Any Oregonians here who can recommend LYS's for ME to visit?

On another note, our plan is to move to Oregon next summer so this visit will also be somewhat of a scouting mission. I have stayed in hotels in Beaverton, visited Mt St Helens and Mt Hood and that is pretty much all I know about Oregon. I would prefer to live near Portland but where is what I wonder. I have done some internet research but my searches have amounted to nothing. We'll be downsizing and I would REALLY prefer to build my own place to my own needs ( meaning I want a supersized craft space a decent kitchen and bathroom - thats all I care about) so I'm guessing we should look at where to buy land - any suggestions?


----------



## jinkers (May 24, 2011)

If you're thinking a "little bit of country" but close enough to "have" Portland and all its offerings as well, take a look at little Albany - nice, open green fields; low hills, sunshine, clean air. Don't live there myself but every time we drive through on our way to Eugene I fall in love with it again. Eugene is nice, too, but definitely a college town.


----------



## rpuhrmann (Jun 20, 2011)

Albany is a bit of a drive from Portland, though. I'd move a little closer, maybe Molalla, Canby, Hillsboro. Sandy is really pretty too, but it's still a bit of a drive too. Google Mapquest, and put in Portland, Or. Then write down the little towns around Portland, and check them out when you get there. Portland is probably the most expensive to live, so is Vancouver, WA. Also, you don't have tax in Oregon, so you need to think about that too. I live in Washington, and I think it is more expensive to live in Washington than Oregon; I've lived both places. Good luck in your search!



jinkers said:


> If you're thinking a "little bit of country" but close enough to "have" Portland and all its offerings as well, take a look at little Albany - nice, open green fields; low hills, sunshine, clean air. Don't live there myself but every time we drive through on our way to Eugene I fall in love with it again. Eugene is nice, too, but definitely a college town.


----------



## triknitter (May 8, 2011)

My pick would be Knit Purl. They are located at 
1101 SW Alder in Portland. They have a website you can look at as well. Lovely shop, helpful and cheerful sales staff and yummy yarn. I like the fact that there is no sales tax in Oregon.....it is almost like a built in discount and helps me justify my purchase.


----------



## dijewe (Mar 1, 2011)

rpuhrmann said:


> Google Mapquest, and put in Portland, Or. Then write down the little towns around Portland, and check them out when you get there. Portland is probably the most expensive to live, so is Vancouver, WA. Also, you don't have tax in Oregon, so you need to think about that too. I live in Washington, and I think it is more expensive to live in Washington than Oregon; I've lived both places. Good luck in your search!
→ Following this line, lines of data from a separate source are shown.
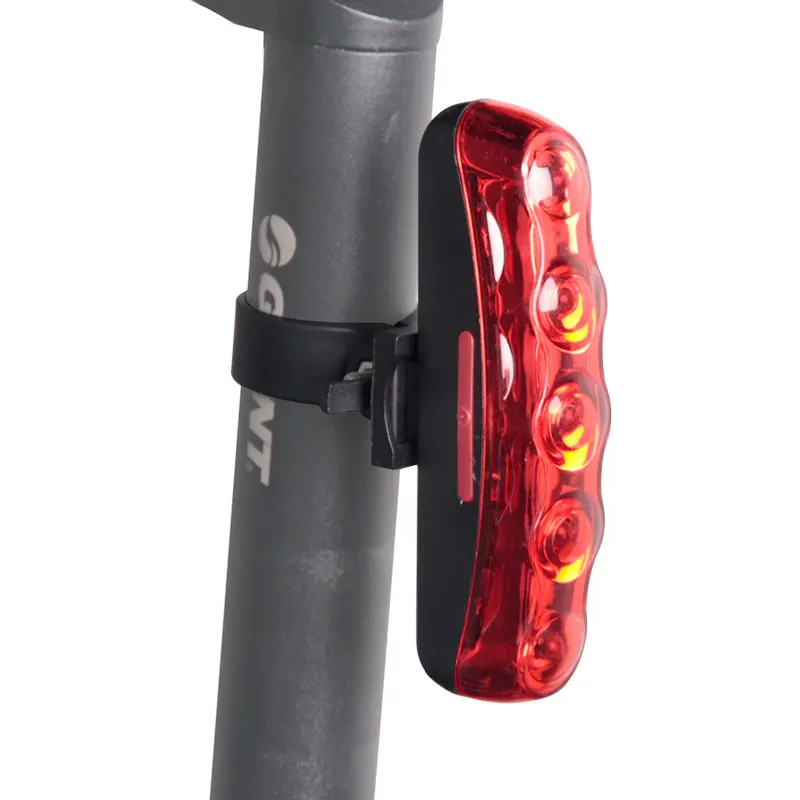 2DE7 Schwanz  Lampe Für  Licht  Rücklicht  Fahrrad Sicherheit Hinten Warnung 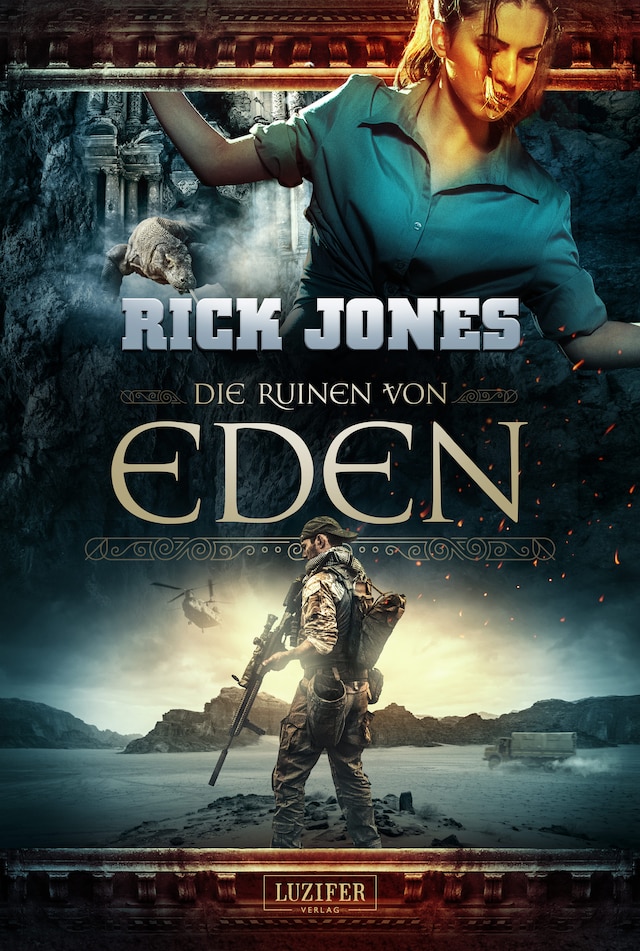 Book cover for DIE RUINEN VON EDEN (Eden 1)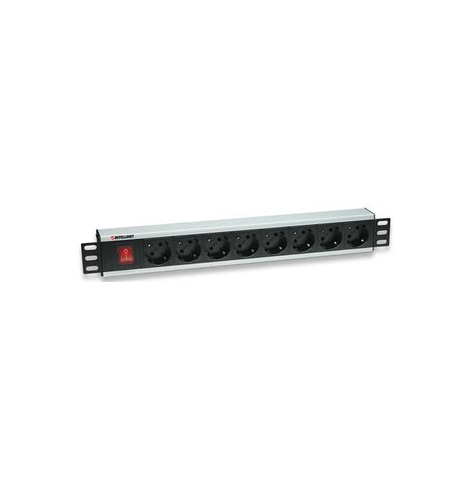 Listwa zasilająca Intellinet rack 19'' 230V/10A 8xEURO 3m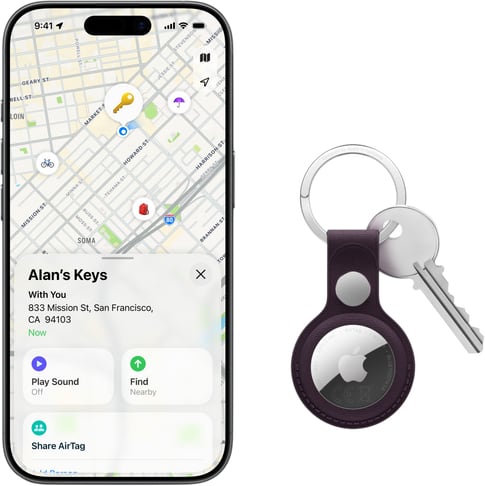 Apple AirTag (2nd Gen) White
I was thinking more of suburbs around Portland. I did some searches and more or less understood that NW Portland is nicer than NE but that means nothing to me LOL. My daughter will live on campus if she chooses Univ of Oregon ( its her first choice) so I am not forced to live anywhere based on schools.

I am so looking forward to all that clean air and beautiful scenery and the biggest PLUS would be NORMAL weather. I am so over 100+ degree weather its not funny.


----------



## dijewe (Mar 1, 2011)

triknitter said:


> My pick would be Knit Purl. They are located at
> 1101 SW Alder in Portland. They have a website you can look at as well. Lovely shop, helpful and cheerful sales staff and yummy yarn. I like the fact that there is no sales tax in Oregon.....it is almost like a built in discount and helps me justify my purchase.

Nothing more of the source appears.